A notable feature of System-1.x is its controllability, both at training and inference times:

• By adjusting the hybridization factor $x$, users can fine-tune the balance between speed and accuracy.
• During inference, the controller can be biased towards more System-2 planning if higher accuracy is required, effectively transforming the System-1.x Planner towards a full System-2 Planner without retraining.
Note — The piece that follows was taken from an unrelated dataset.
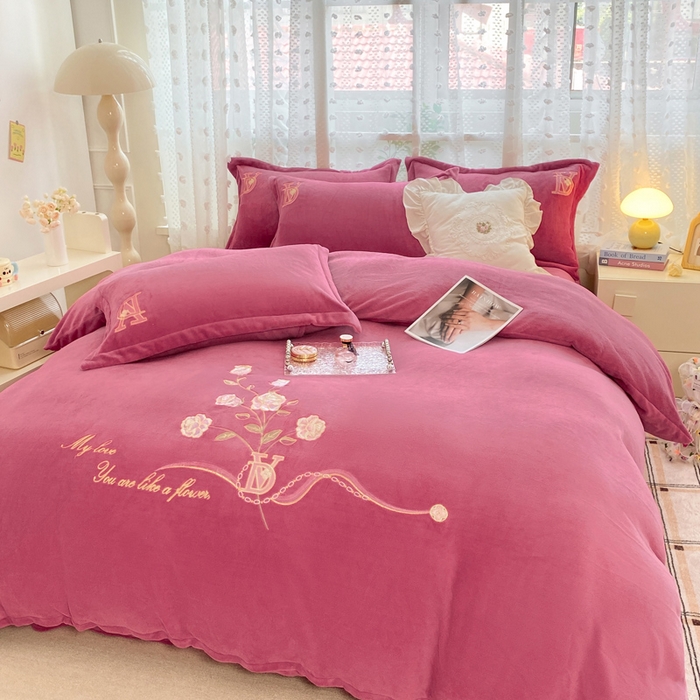 91家纺网 家纺一手货源 找家纺 晶缦家纺 2024新款高克重牛奶绒刺绣花四件套 点点花季-豆沙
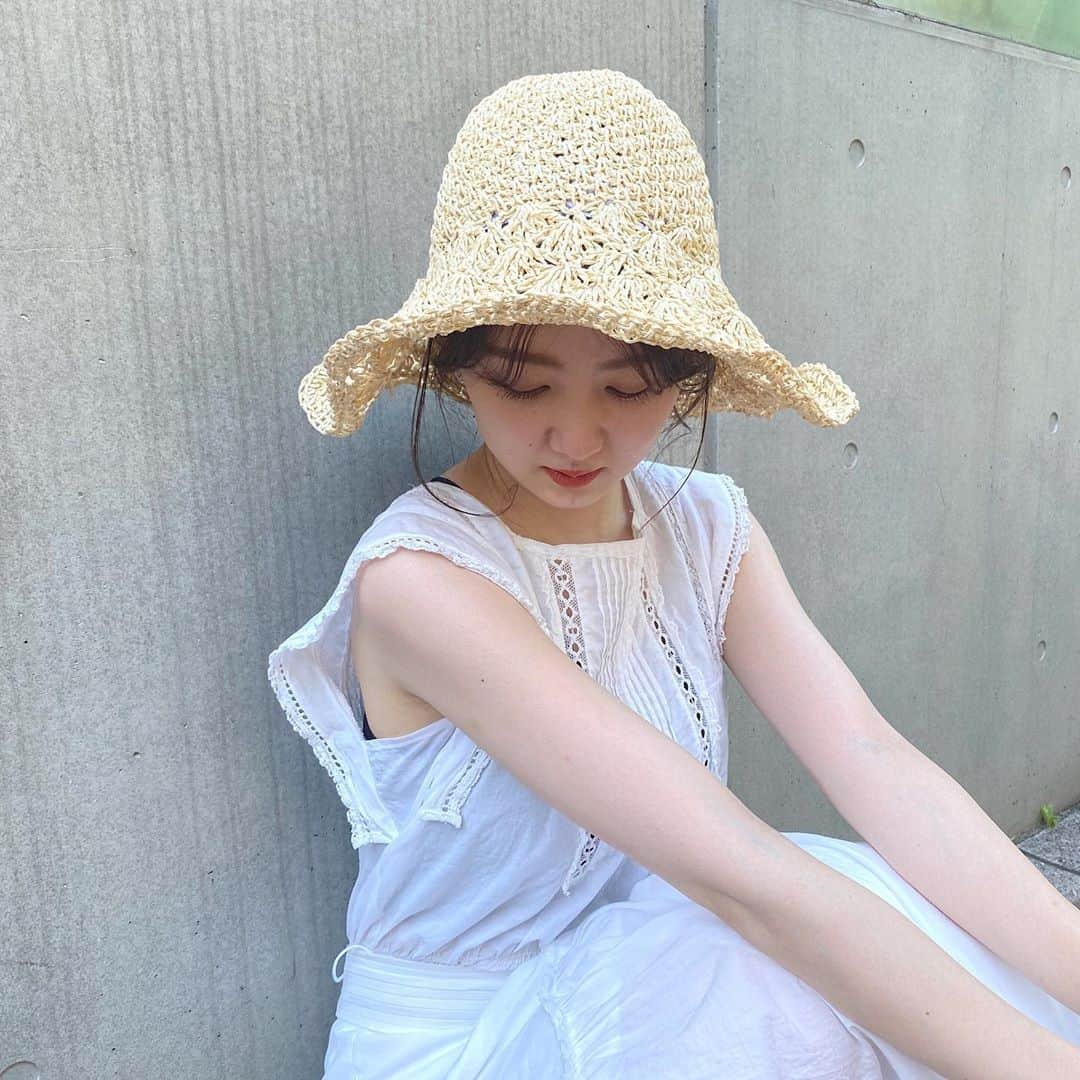 古南 祐佳さんのインスタグラム写真 - (古南 祐佳Instagram)「. 暑い、、 夏らしい事あんましてないまま夏が終わってしまう😶 . . #fashion #coordinate #code #snidel #setup #isntshe #ストローハット  #スナイデル」8月20日 20時49分 - komi_yk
Neuro-Symbolic Integration

The potential for combining neural and symbolic methods is also explored:

• Neuro-symbolic System-1.x, which uses A$^*$ as the System-2 component, outperforms pure symbolic planners like A$^*$ at matched #States-Explored. For example, at 11.6 states, System-1.x achieves 70.5% accuracy compared to A$^*$'s 31.0%.

Implications and Future Directions

The implications of this research are significant:

• Practically: System-1.x offers a robust, flexible planning approach suitable for diverse and complex tasks where resource constraints vary.
• Theoretically: It underscores the potential for hybrid models that leverage the best of heuristic-based and search-based planning, aligning with concepts from dual-process theories in cognitive science.

Future developments could explore:

• Scalability: Extending System-1.x to handle larger-scale and more dynamic planning environments.
• Adaptation to Uncertainty: Enhancing the controller to better manage partially observable and non-deterministic environments.
• Further Integration: Seamlessly blending neural and symbolic methods to enhance the adaptability and generality of the planner.

In summary, the System-1.x Planner marks a significant advancement in the application of LLMs to planning tasks, providing a compelling blend of efficiency and accuracy through its hybrid, controllable approach. This sets a promising precedent for the development of more sophisticated, adaptive planning systems in the future.